はじめに
本稿では、Microsoftが公式ブログで公開した記事「Inside the world’s most powerful AI datacenter」を基に、同社が建設した最新のAIデータセンター「Fairwater」を解説します。AIのトレーニングや大規模モデルの実行に特化したこの施設は、従来のデータセンターとは一線を画す設計思想で構築されています。
参考記事
- タイトル: Inside the world’s most powerful AI datacenter
- 著者: Scott Guthrie – Executive Vice President, Cloud + AI
- 発行元: Microsoft
- 発行日: 2025年9月18日
- URL: https://blogs.microsoft.com/blog/2025/09/18/inside-the-worlds-most-powerful-ai-datacenter/
要点
- Microsoftは、AIワークロード専用の最新データセンター「Fairwater」を米国ウィスコンシン州に開設した。
- AIデータセンターは、Webサイトなどをホストする従来の施設とは異なり、施設全体が一つの巨大なAIスーパーコンピュータとして機能するように設計されている。
- 数十万基のNVIDIA最新GPU(GB200サーバー)を、単一のフラットな超高速ネットワークで相互接続し、既存のスーパーコンピュータの10倍の性能を目指す。
- 高密度なハードウェアを効率的に冷却するため、施設規模での閉ループ液体冷却システムを導入し、運用中の水消費をゼロに抑える。
- 複数のAIデータセンターを広域ネットワーク(AI WAN)で接続し、地理的に分散した、より巨大で回復性の高いAIスーパーコンピュータを構築する構想である。
詳細解説
AIデータセンターとは何か? ― AI時代の新たな「工場」
AIデータセンターとは、その名の通り、AIモデルのトレーニング(学習)や推論(実行)といった、極めて高い計算能力を要求するタスクに特化して設計された施設です。私たちが普段利用するウェブサイトやメール、ビジネスアプリケーションなどを動かす従来のクラウドデータセンターは、比較的小さな独立した多数の処理を効率的に捌くことに最適化されています。

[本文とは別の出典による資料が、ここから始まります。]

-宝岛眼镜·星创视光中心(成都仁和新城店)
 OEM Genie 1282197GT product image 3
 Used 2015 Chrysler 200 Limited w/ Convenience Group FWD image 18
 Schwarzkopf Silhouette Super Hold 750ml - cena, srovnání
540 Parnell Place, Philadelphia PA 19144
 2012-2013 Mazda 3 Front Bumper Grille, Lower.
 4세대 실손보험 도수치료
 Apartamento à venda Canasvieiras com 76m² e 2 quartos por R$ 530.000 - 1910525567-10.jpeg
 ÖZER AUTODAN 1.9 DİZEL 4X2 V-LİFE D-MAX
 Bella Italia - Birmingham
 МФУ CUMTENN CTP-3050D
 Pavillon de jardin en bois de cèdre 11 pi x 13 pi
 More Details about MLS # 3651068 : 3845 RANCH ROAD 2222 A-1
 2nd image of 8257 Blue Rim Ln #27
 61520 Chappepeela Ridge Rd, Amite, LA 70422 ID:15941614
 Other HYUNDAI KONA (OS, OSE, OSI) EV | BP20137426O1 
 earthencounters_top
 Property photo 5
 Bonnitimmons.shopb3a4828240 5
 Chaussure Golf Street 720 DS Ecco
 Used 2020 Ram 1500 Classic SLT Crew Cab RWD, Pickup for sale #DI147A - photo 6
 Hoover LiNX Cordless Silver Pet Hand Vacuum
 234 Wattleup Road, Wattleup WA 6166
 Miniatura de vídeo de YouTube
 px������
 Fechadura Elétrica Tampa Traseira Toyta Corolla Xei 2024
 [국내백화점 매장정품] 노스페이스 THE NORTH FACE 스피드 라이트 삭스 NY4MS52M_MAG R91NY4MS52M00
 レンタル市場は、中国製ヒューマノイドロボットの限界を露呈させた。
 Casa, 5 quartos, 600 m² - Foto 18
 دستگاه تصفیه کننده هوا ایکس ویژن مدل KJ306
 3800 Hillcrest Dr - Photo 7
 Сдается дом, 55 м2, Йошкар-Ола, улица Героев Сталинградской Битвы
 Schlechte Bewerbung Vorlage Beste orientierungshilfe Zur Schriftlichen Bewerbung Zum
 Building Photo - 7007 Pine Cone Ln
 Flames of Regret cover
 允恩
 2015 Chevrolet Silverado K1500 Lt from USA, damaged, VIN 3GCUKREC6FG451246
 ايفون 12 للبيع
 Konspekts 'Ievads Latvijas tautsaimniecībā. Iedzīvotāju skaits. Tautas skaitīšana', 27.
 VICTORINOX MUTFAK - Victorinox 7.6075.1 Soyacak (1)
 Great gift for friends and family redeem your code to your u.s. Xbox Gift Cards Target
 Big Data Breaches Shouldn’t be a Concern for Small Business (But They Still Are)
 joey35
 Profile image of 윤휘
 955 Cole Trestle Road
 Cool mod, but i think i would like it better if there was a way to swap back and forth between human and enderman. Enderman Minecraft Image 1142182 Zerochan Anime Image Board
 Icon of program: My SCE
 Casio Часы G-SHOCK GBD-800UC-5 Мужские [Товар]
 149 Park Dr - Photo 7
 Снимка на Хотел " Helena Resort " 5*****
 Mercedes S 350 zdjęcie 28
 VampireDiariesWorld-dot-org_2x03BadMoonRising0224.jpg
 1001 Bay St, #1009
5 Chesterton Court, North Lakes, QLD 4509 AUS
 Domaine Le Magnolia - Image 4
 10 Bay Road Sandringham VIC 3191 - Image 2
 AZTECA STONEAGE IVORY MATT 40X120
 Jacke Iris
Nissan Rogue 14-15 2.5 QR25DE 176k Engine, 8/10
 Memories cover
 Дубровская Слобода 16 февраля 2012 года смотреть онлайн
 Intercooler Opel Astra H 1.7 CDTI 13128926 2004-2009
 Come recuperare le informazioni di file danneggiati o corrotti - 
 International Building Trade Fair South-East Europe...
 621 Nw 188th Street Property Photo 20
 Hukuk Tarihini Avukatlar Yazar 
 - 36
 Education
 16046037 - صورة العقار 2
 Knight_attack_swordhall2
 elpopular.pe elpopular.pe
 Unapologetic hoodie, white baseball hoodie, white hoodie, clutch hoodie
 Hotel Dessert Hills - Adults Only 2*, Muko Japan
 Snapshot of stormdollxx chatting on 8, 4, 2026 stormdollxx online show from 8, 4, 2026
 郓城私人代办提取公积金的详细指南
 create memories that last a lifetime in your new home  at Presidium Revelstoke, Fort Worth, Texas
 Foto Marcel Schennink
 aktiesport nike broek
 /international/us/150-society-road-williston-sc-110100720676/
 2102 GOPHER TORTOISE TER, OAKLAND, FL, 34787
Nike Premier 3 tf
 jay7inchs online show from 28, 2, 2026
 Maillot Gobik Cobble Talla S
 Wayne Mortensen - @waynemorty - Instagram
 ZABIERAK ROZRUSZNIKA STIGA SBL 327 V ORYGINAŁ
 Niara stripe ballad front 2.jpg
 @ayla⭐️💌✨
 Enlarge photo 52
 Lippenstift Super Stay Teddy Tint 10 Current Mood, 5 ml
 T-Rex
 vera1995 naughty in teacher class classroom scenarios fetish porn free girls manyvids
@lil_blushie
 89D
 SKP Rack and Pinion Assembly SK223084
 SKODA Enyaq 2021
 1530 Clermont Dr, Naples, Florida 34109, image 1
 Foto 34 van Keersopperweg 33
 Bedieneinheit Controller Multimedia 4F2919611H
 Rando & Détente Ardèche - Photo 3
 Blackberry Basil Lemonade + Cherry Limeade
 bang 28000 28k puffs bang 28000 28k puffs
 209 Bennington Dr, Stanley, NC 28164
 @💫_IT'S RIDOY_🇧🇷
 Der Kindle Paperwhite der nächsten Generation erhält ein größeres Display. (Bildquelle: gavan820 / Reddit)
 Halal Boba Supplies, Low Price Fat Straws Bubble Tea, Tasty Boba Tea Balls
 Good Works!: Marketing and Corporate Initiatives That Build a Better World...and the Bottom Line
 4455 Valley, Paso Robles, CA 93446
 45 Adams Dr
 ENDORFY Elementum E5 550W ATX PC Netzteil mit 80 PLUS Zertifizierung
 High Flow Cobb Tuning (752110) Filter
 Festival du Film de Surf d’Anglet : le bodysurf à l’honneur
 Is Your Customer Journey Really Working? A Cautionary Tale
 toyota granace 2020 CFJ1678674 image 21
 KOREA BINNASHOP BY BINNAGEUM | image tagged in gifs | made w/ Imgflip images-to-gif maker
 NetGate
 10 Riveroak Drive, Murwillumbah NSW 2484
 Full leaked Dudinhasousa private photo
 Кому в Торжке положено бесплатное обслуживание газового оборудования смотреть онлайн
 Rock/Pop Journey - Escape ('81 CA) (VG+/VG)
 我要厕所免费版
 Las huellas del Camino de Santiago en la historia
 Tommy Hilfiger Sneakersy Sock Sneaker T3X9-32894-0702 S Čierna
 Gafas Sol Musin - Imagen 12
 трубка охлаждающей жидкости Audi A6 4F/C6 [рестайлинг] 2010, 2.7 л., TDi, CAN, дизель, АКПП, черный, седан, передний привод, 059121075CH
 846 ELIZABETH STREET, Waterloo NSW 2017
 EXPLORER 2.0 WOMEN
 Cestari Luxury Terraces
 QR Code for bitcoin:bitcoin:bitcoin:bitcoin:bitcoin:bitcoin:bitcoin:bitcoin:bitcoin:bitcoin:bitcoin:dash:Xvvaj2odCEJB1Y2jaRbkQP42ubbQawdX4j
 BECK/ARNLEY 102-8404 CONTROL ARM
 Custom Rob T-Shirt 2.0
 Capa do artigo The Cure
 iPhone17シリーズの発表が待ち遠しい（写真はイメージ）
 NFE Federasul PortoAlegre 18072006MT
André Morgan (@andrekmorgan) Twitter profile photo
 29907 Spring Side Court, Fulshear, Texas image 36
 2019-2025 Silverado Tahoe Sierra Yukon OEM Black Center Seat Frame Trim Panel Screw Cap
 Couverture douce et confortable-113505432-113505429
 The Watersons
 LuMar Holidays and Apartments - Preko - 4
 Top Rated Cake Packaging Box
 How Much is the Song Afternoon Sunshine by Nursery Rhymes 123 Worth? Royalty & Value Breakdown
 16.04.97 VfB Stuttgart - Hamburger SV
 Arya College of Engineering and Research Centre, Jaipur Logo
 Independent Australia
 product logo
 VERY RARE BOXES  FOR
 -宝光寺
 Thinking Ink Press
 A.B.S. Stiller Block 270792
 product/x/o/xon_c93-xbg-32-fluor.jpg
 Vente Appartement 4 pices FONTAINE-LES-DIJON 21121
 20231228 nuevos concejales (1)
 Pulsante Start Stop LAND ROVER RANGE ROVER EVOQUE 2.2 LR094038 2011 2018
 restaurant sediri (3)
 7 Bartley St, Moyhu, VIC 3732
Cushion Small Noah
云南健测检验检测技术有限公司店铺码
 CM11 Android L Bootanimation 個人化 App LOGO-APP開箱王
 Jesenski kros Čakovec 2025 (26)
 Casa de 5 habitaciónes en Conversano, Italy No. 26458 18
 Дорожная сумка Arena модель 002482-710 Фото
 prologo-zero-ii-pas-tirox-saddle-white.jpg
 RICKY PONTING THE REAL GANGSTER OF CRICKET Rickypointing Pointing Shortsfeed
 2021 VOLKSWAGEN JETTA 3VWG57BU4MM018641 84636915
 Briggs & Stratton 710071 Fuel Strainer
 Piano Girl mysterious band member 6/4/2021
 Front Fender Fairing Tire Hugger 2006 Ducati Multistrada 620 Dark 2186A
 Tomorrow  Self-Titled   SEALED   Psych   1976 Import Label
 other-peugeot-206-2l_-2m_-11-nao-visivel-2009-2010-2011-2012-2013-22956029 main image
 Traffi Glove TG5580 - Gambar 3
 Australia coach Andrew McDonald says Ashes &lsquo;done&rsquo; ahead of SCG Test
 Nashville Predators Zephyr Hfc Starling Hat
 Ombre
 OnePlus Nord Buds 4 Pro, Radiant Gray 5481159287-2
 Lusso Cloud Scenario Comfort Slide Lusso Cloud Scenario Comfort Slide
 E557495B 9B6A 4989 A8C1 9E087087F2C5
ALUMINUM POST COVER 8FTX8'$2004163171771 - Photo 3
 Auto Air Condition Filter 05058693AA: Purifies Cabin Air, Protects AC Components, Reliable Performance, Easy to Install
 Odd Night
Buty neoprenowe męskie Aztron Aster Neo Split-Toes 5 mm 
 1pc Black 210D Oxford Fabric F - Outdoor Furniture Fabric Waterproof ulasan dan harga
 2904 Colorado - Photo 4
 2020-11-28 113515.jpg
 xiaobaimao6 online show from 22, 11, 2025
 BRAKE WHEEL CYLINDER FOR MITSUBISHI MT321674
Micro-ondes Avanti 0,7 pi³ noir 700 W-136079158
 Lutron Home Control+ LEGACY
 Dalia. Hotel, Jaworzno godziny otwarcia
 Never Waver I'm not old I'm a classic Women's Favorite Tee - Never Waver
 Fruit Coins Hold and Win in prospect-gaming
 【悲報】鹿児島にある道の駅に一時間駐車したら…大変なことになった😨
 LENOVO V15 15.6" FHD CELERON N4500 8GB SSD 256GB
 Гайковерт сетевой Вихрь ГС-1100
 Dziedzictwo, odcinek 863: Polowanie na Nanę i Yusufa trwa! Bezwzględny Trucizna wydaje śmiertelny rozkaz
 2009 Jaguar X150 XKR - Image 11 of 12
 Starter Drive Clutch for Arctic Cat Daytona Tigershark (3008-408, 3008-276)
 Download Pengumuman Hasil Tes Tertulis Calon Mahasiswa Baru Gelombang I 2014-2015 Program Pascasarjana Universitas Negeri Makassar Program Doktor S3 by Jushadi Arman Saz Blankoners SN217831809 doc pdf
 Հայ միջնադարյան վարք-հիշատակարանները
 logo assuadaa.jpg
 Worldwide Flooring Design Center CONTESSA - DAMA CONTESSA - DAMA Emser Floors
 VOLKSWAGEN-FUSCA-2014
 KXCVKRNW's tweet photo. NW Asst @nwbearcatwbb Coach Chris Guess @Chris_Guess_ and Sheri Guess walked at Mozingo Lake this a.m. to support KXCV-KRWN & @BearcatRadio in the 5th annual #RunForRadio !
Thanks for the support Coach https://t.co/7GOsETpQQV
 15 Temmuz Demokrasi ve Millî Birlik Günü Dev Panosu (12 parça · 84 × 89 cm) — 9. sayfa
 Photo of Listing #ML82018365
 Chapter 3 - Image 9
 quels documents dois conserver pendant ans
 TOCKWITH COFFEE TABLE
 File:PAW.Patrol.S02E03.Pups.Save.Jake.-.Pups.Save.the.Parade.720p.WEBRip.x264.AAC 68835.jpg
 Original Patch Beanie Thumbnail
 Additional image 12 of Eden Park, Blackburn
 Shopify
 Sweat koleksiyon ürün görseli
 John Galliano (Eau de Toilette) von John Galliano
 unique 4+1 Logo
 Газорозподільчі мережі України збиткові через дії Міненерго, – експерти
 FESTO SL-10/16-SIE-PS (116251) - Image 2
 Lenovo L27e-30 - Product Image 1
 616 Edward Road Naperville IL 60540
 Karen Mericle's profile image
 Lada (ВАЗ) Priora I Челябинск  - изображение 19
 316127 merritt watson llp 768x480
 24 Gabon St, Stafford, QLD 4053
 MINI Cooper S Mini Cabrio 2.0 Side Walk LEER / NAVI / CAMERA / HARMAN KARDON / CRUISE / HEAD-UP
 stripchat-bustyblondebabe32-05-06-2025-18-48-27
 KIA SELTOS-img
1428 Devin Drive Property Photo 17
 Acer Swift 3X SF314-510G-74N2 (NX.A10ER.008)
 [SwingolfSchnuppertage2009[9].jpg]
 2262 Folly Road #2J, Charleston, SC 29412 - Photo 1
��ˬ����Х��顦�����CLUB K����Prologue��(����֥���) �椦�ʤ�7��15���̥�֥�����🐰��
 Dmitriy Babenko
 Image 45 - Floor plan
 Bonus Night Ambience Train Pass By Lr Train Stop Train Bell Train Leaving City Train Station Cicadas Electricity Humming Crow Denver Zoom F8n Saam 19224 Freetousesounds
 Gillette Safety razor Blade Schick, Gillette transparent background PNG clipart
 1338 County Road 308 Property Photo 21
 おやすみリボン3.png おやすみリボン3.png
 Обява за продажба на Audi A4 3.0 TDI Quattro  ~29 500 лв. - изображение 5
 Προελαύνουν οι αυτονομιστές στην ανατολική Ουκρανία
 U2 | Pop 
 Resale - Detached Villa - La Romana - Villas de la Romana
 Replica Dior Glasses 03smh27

一方、Microsoftが「AI時代の工場」と呼ぶAIデータセンターは、全く異なる思想に基づいています。ここでは、数十万基ものGPU(Graphics Processing Unit) が一つの巨大な集合体として連携し、全体で単一の超高性能スーパーコンピュータとして動作します。これは、一つの巨大なAIモデルを並行して学習させるために不可欠な設計です。
驚異的な規模とハードウェア構成
ウィスコンシン州に建設された「Fairwater」は、その規模もさることながら、内部の技術仕様が注目されます。
- 最先端のGPUを大規模導入
中核をなすのは、NVIDIA社の最新サーバー「GB200」です。Microsoft Azureは、クラウドプロバイダーとして世界で初めてこのサーバーを大規模に導入しました。各ラックには72基のNVIDIA Blackwell GPUが搭載され、ラック全体がまるで一つの巨大なアクセラレータのように動作します。これにより、毎秒86万5000トークンという高い処理能力を実現しています。 - 性能の鍵を握るネットワーク技術
スーパーコンピュータの性能は、個々の計算ユニットの速さだけでなく、それらをいかに高速かつ低遅延で接続するかにかかっています。Microsoftは、このネットワーク設計に多大な工夫を凝らしています。- ラック内接続: GPU間は、NVIDIA独自の高速インターコネクト技術「NVLink」で接続され、メモリと帯域幅の障壁を取り払います。
- ラック間接続: 複数のラックを接続するため、「InfiniBand」やEthernetファブリックといった技術を採用し、800Gbpsの高速通信を実現。どのGPUも他のすべてのGPUと遅滞なく通信できる「ノンブロッキングアーキテクチャ」を構築しています。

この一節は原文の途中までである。